About this exercise:
Word for word, restate the data that follows, omitting the images.

Material provided:

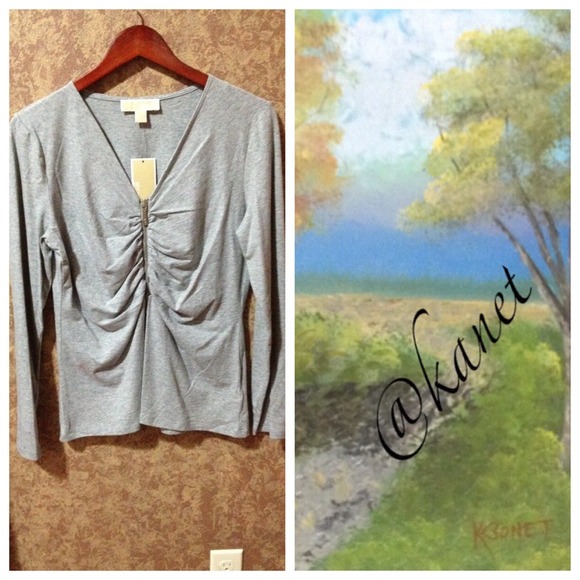 🌷Michael Kors Gray long sleeve top🌷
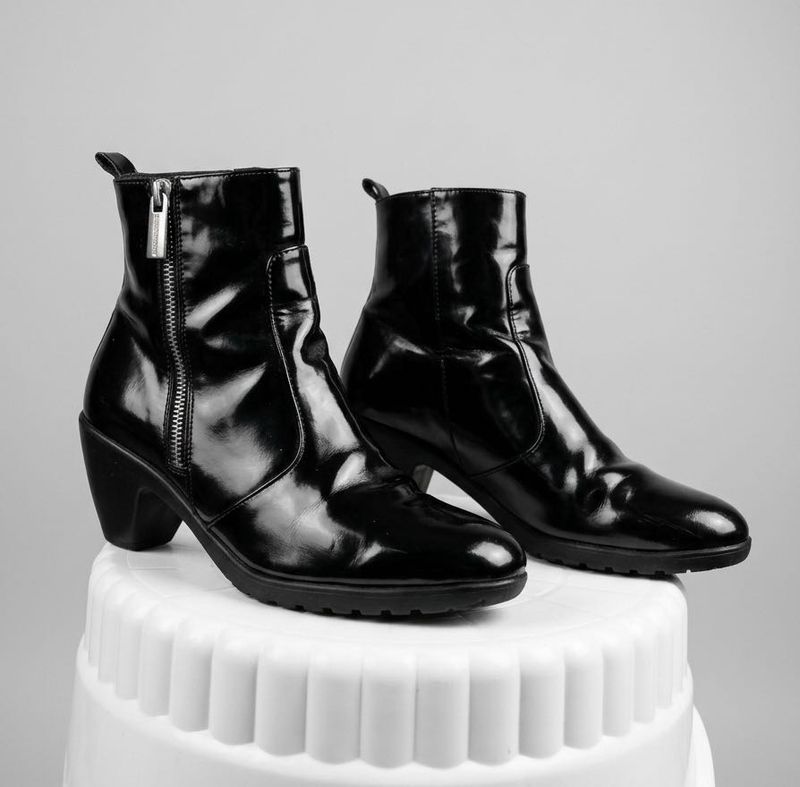 Black Patent Zip up Boots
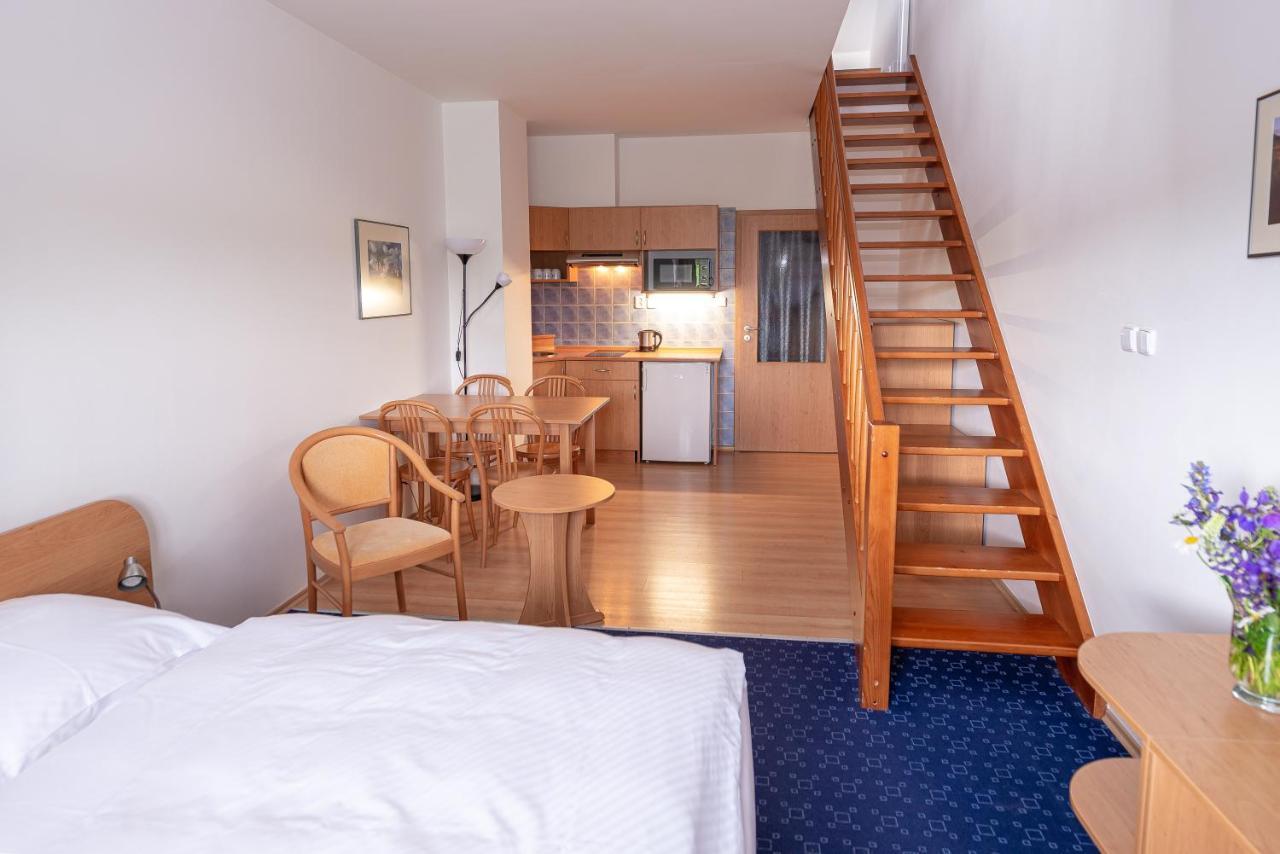 Apartmány Engadin Bozi Dar Exterior foto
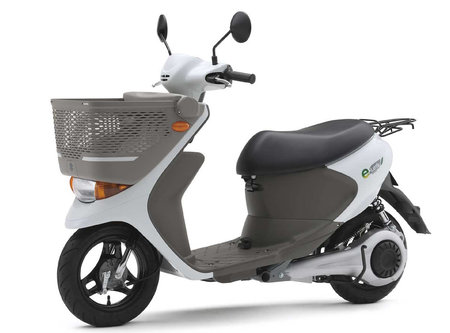 Suzuki-electricity-powered-e-Let’s-scooters-1.jpg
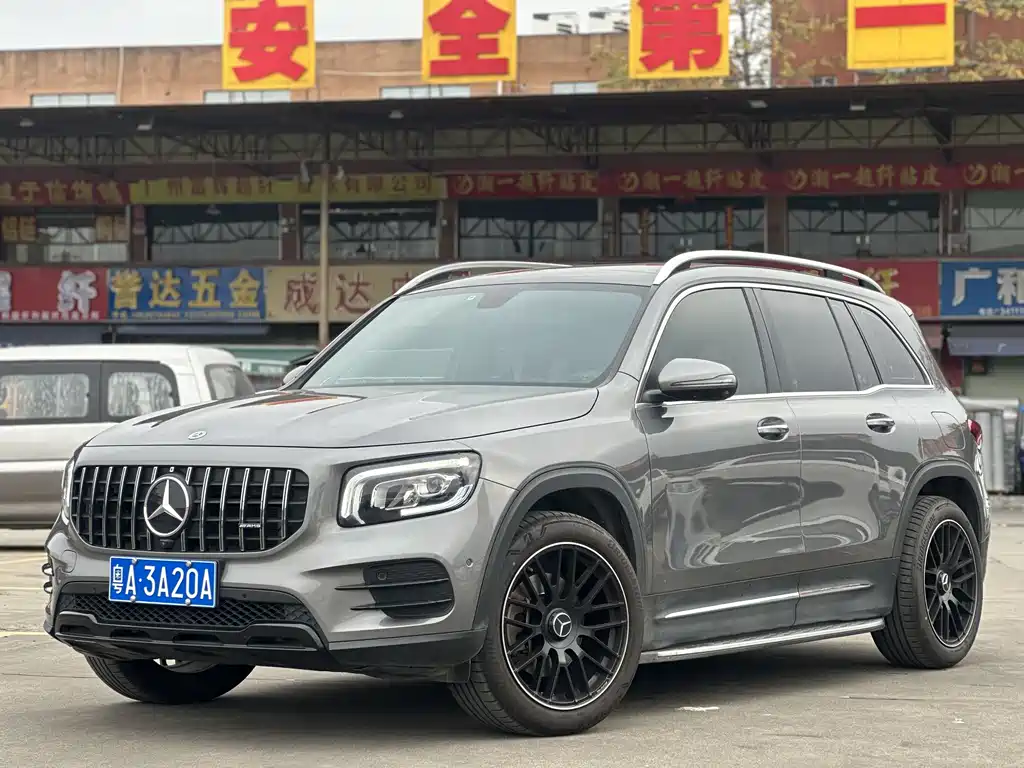 MERCEDES-BENZ GLB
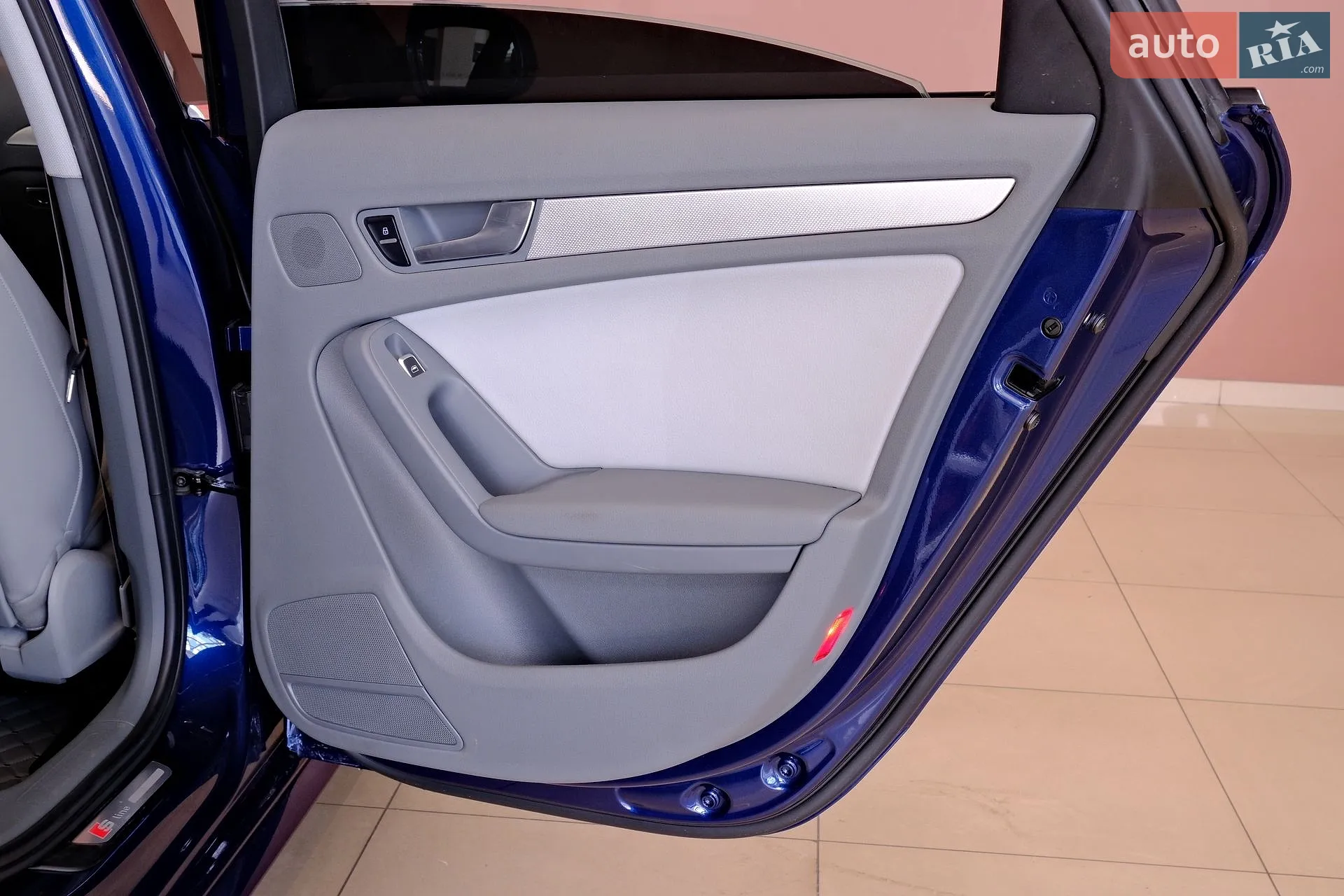 2013 Audi A4 - мініатюра 36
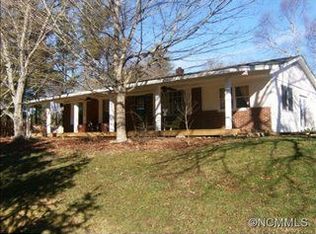 54 Big Willow Rd, Hendersonville, NC 28739
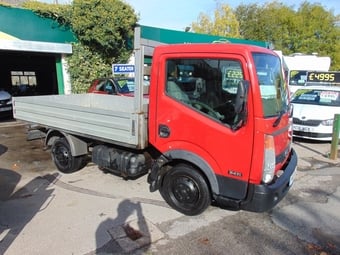 Nissan Cabstar 2011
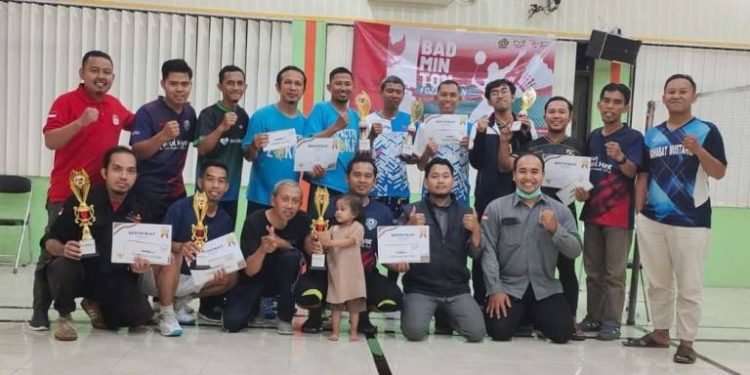 Pererat Silaturahim, FOZDA Kabupaten Gresik Gelar Turnamen Badminton di Kemenag Gresik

The answer:
 🌷Michael Kors Gray long sleeve top🌷
 Black Patent Zip up Boots
 Apartmány Engadin Bozi Dar Exterior foto
 Suzuki-electricity-powered-e-Let’s-scooters-1.jpg
 MERCEDES-BENZ GLB
 2013 Audi A4 - мініатюра 36
 54 Big Willow Rd, Hendersonville, NC 28739
 Nissan Cabstar 2011
 Pererat Silaturahim, FOZDA Kabupaten Gresik Gelar Turnamen Badminton di Kemenag Gresik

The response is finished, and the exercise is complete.